Komitmen keserentakan pun tak terlihat dalam pengaturan calon tunggal. Pasal 201 ayat (7a) bertuliskan, dalam hal hasil pilkada hanya diikuti satu pasangan calon dan mayoritas pemilih “tidak setuju†terhadap pasangan calon tersebut, pemilihannya akan dilaksanakan pada pemilihan serentak berikutnya.
Mempertahankan keburukan sengketa hasil
Di aspek keterpilihan atau hasil pilkada, Pasal 158 yang menjadikan Mahkamah Konstitusi (MK) sebagai Mahkamah Kalkulator malah tak disinggung.

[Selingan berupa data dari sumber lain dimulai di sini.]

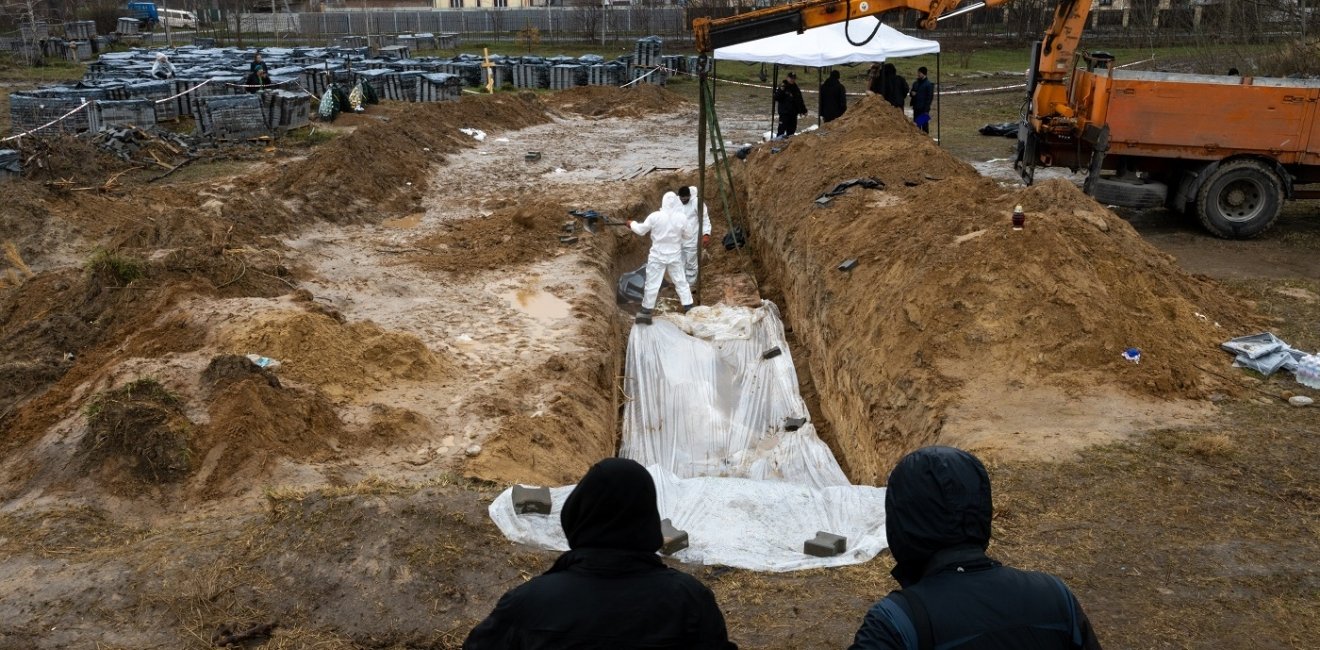 Forensic experts are working to dig up bodies from a clandestine grave found behind a church in the town of Bucha.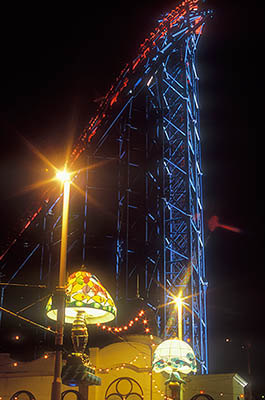 ENG: Manchester-Liverpool Urban Area, Blackpool Borough, Pleasure Beach, The Big One, one of the world's tallest roller coasters, looms above lighted street decorations during the Illuminations Festival, at night [Ask for #262.064.]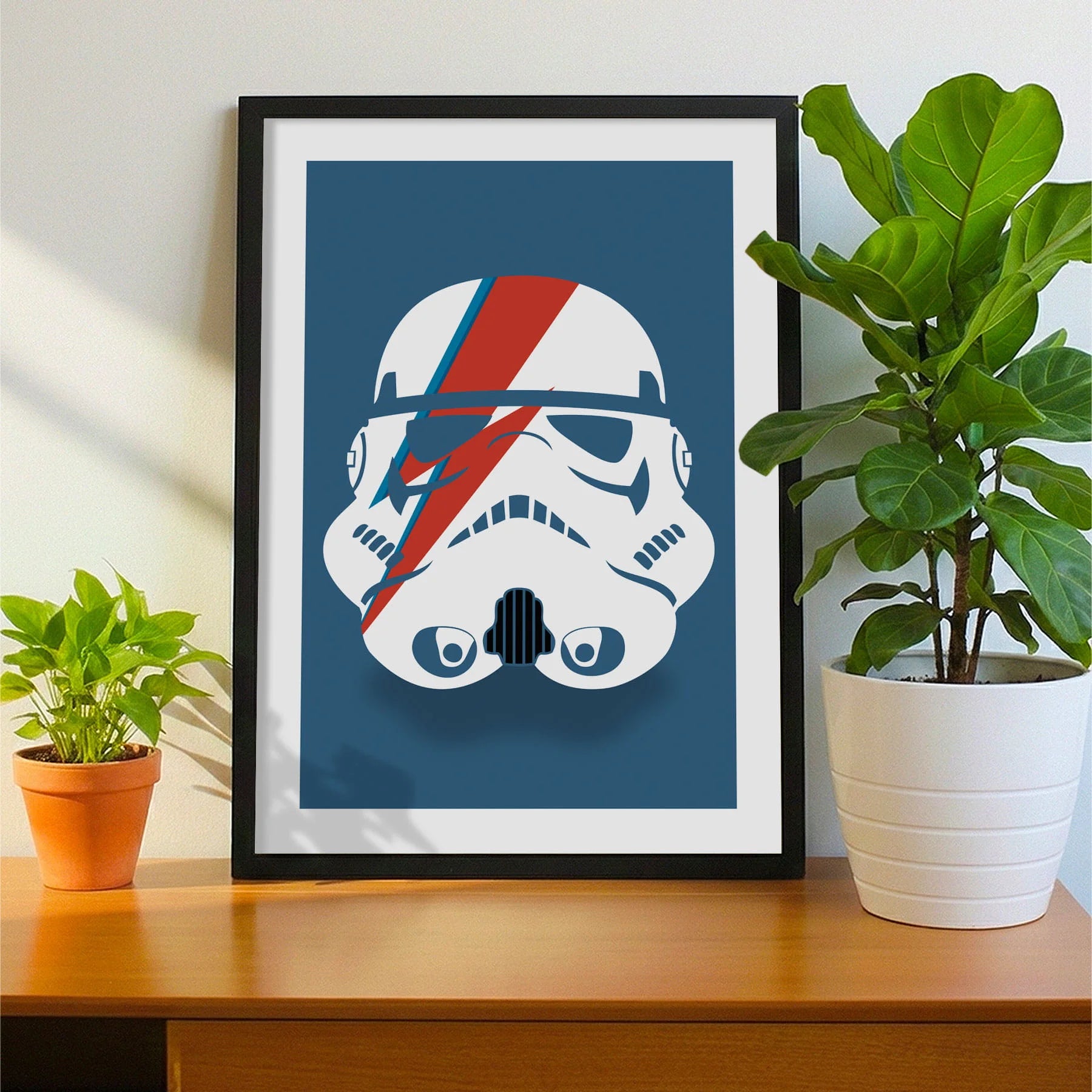 Print laying on table with speckled shade cast across the surface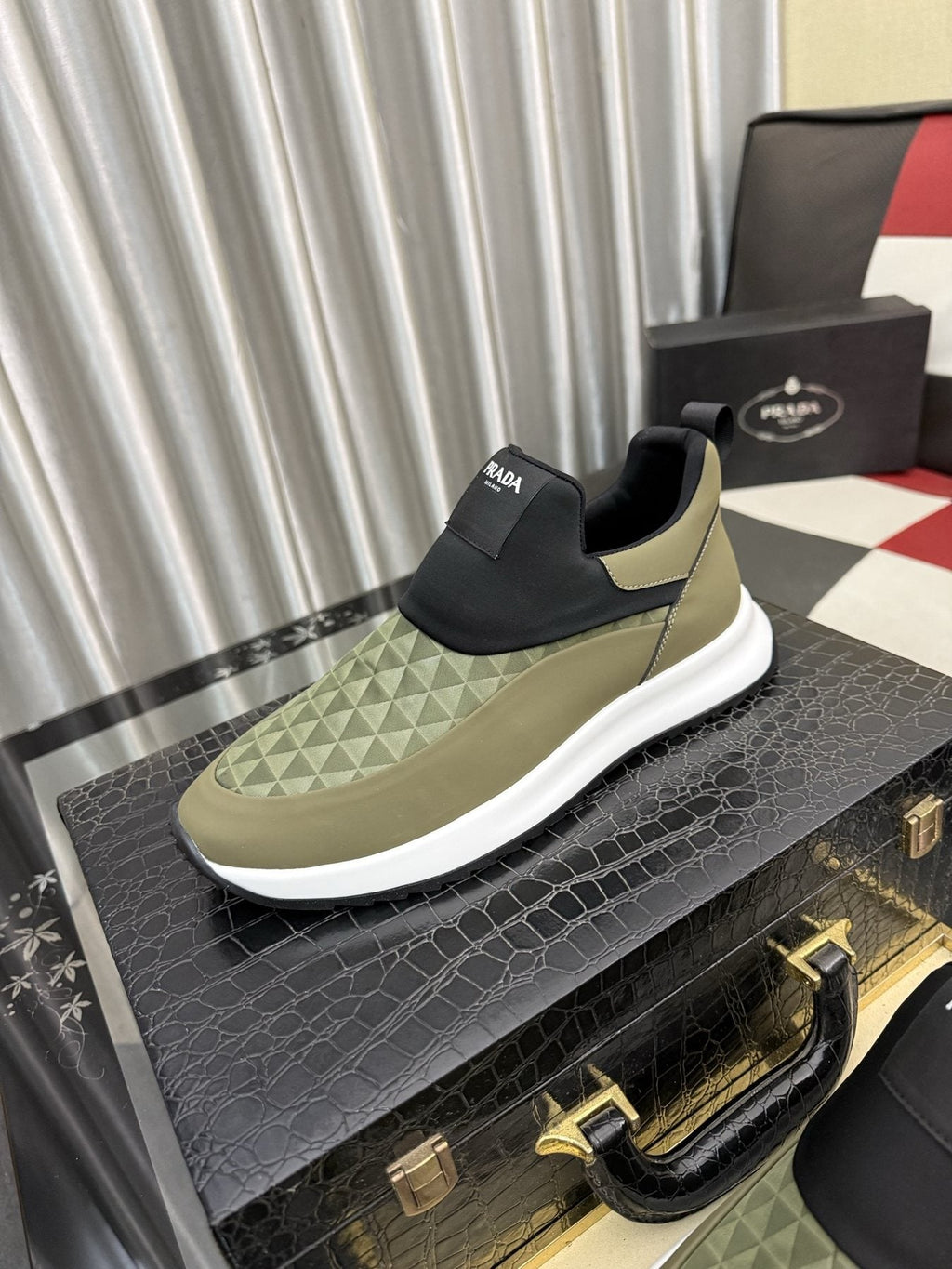 Prada Black Quilted Slip-On Sneakers
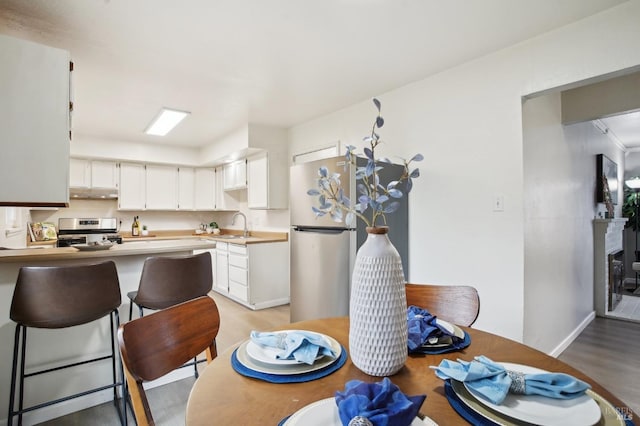 kitchen with sink, light hardwood / wood-style flooring, kitchen peninsula, white cabinets, and appliances with stainless steel finishes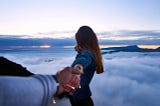 woman peering across an abyss while holding man’s hand.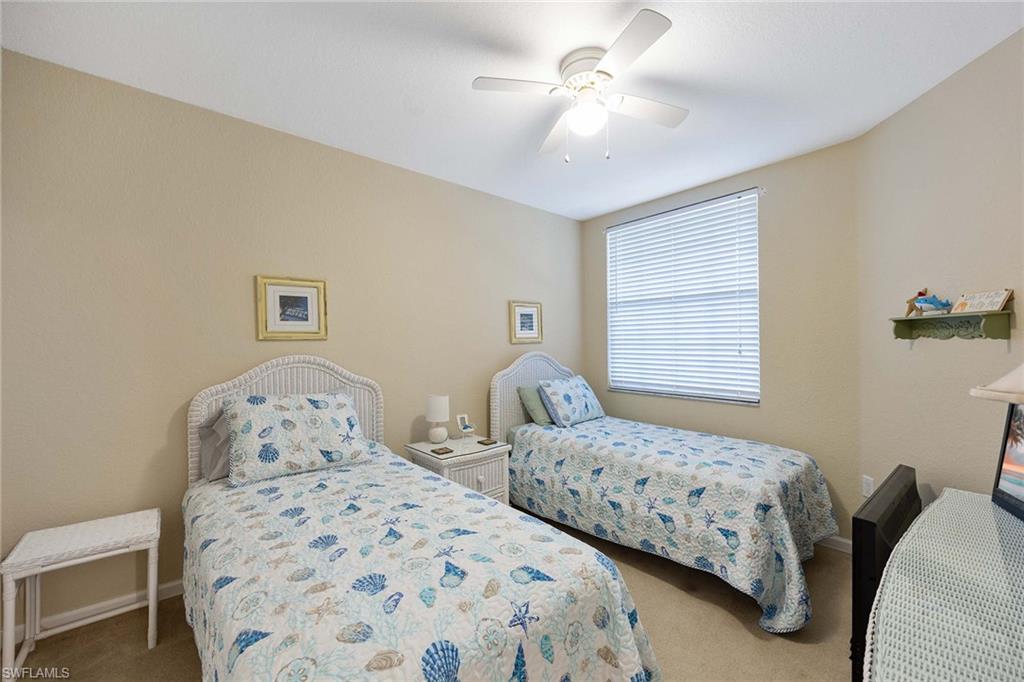 3955 Deer Crossing Court, Unit 103 Naples, FL 34114 - Photo 24 of 40 a bedroom with two beds and a chandelier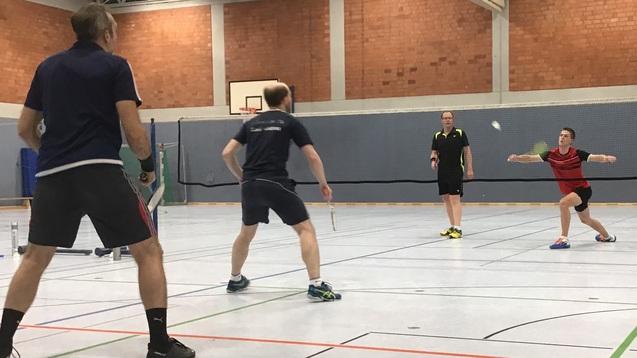 Fünf Personen spielen Badminton in einer Sporthalle. Ein Spieler schlägt den Ball über das Netz.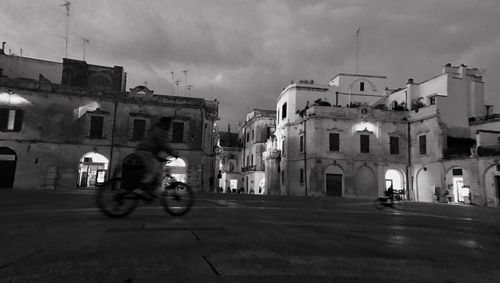 Man cycling on road against sky in city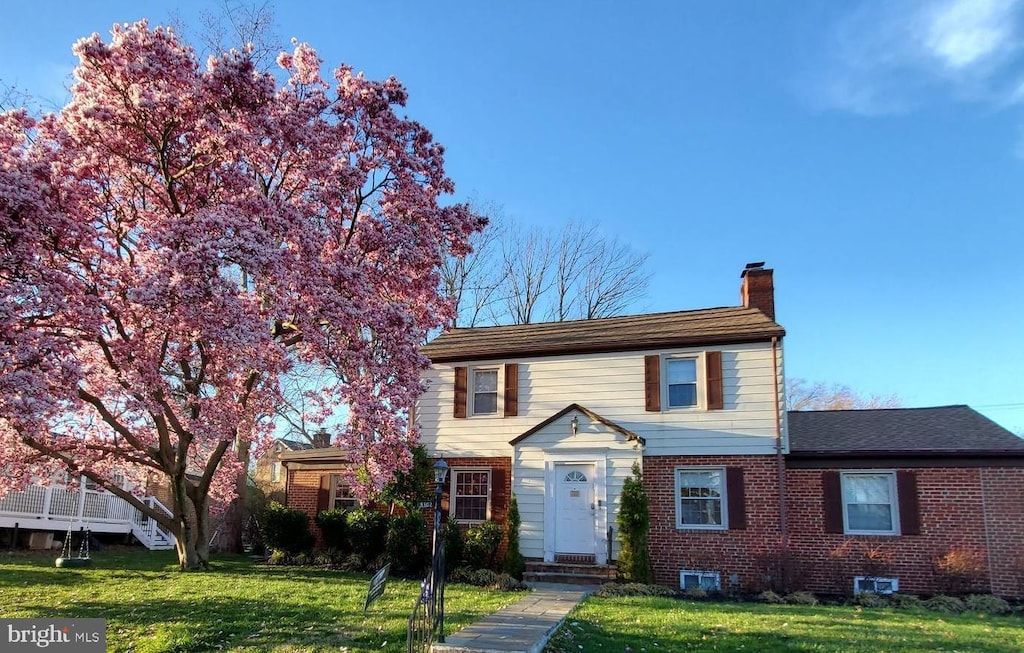 traditional-style house with brick siding, a chimney, and a front yard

Dalam penanganan sengketa hasil pilkada, syarat maksimal selisih suara hasil pilkada dijadikan dasar MK membatasi keadilan pemilu.  Pakar tata negara, Saldi Isra mengatakan, adanya pembatasan selisih suara dalam permohonan perkara ‎Perselisihan Hasil Pemilihan Kepala Daerah (PHP) bukan berarti Mahkamah Konstitusi (MK) melupakan adanya pelanggaran terstruktur, sistematis, dan masif (TSM) yang umumnya didalilkan oleh para pemohon.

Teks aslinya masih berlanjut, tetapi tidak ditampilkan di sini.